## [PROBLEM TO WORK ON]
With the pictures omitted, repeat exactly the lines below starting with the line that has "Stollwerck sammelalbum 5" and going on through the line that has "Shreedham Crystal Homes".

## [EXERCISE MATERIAL]

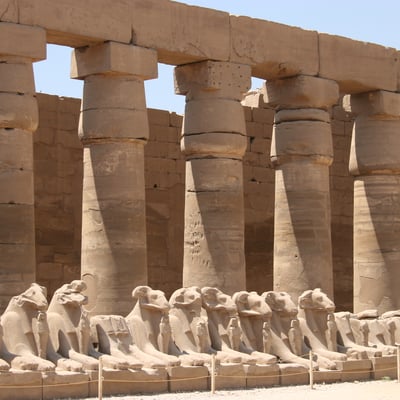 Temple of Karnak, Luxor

==

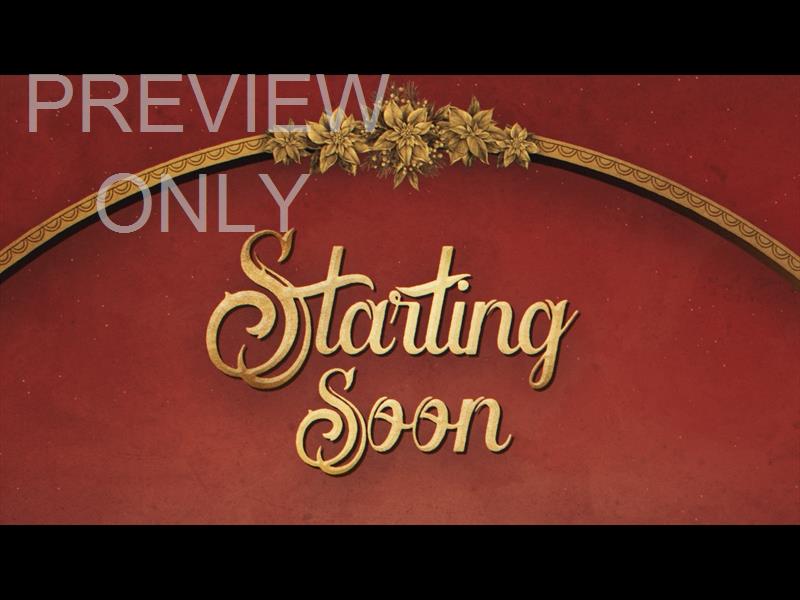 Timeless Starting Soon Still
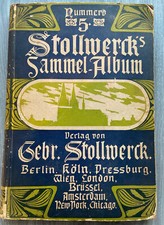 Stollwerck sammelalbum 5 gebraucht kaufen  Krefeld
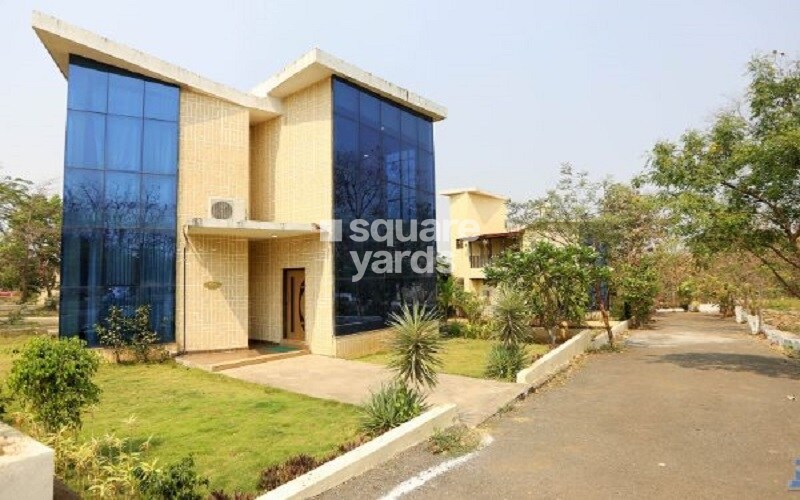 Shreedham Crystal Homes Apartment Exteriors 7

## [EXERCISE SOLUTION]
 Stollwerck sammelalbum 5 gebraucht kaufen  Krefeld
 Shreedham Crystal Homes Apartment Exteriors 7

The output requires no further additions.